▸ **Activity**: Write out the whole listing exactly as it is written below.

─── Entries provided

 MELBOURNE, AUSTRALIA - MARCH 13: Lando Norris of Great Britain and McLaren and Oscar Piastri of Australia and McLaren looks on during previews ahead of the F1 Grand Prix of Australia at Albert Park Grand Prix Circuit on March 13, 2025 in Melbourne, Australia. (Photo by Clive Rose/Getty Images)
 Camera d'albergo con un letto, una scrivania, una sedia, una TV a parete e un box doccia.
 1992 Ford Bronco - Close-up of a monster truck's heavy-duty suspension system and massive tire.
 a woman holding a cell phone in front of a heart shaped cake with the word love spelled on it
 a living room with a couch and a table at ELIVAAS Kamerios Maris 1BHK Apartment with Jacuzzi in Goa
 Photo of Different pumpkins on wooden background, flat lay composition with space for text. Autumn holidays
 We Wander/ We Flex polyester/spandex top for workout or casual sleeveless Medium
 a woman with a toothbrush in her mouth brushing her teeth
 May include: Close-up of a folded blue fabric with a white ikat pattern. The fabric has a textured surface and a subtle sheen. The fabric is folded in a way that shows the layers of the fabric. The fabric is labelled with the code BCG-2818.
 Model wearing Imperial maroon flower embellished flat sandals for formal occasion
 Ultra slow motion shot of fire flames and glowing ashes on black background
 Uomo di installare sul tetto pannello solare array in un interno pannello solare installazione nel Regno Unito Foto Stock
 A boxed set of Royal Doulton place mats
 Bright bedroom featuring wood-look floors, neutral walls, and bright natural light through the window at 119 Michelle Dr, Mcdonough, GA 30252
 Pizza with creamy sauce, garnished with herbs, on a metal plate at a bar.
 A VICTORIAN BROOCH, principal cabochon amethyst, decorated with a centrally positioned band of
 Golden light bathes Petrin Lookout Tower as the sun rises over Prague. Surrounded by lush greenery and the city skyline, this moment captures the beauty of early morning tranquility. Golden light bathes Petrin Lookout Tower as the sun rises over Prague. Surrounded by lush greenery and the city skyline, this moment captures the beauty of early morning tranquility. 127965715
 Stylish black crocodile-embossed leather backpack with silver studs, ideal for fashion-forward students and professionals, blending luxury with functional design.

──────

▸ **Written solution**:
 MELBOURNE, AUSTRALIA - MARCH 13: Lando Norris of Great Britain and McLaren and Oscar Piastri of Australia and McLaren looks on during previews ahead of the F1 Grand Prix of Australia at Albert Park Grand Prix Circuit on March 13, 2025 in Melbourne, Australia. (Photo by Clive Rose/Getty Images)
 Camera d'albergo con un letto, una scrivania, una sedia, una TV a parete e un box doccia.
 1992 Ford Bronco - Close-up of a monster truck's heavy-duty suspension system and massive tire.
 a woman holding a cell phone in front of a heart shaped cake with the word love spelled on it
 a living room with a couch and a table at ELIVAAS Kamerios Maris 1BHK Apartment with Jacuzzi in Goa
 Photo of Different pumpkins on wooden background, flat lay composition with space for text. Autumn holidays
 We Wander/ We Flex polyester/spandex top for workout or casual sleeveless Medium
 a woman with a toothbrush in her mouth brushing her teeth
 May include: Close-up of a folded blue fabric with a white ikat pattern. The fabric has a textured surface and a subtle sheen. The fabric is folded in a way that shows the layers of the fabric. The fabric is labelled with the code BCG-2818.
 Model wearing Imperial maroon flower embellished flat sandals for formal occasion
 Ultra slow motion shot of fire flames and glowing ashes on black background
 Uomo di installare sul tetto pannello solare array in un interno pannello solare installazione nel Regno Unito Foto Stock
 A boxed set of Royal Doulton place mats
 Bright bedroom featuring wood-look floors, neutral walls, and bright natural light through the window at 119 Michelle Dr, Mcdonough, GA 30252
 Pizza with creamy sauce, garnished with herbs, on a metal plate at a bar.
 A VICTORIAN BROOCH, principal cabochon amethyst, decorated with a centrally positioned band of
 Golden light bathes Petrin Lookout Tower as the sun rises over Prague. Surrounded by lush greenery and the city skyline, this moment captures the beauty of early morning tranquility. Golden light bathes Petrin Lookout Tower as the sun rises over Prague. Surrounded by lush greenery and the city skyline, this moment captures the beauty of early morning tranquility. 127965715
 Stylish black crocodile-embossed leather backpack with silver studs, ideal for fashion-forward students and professionals, blending luxury with functional design.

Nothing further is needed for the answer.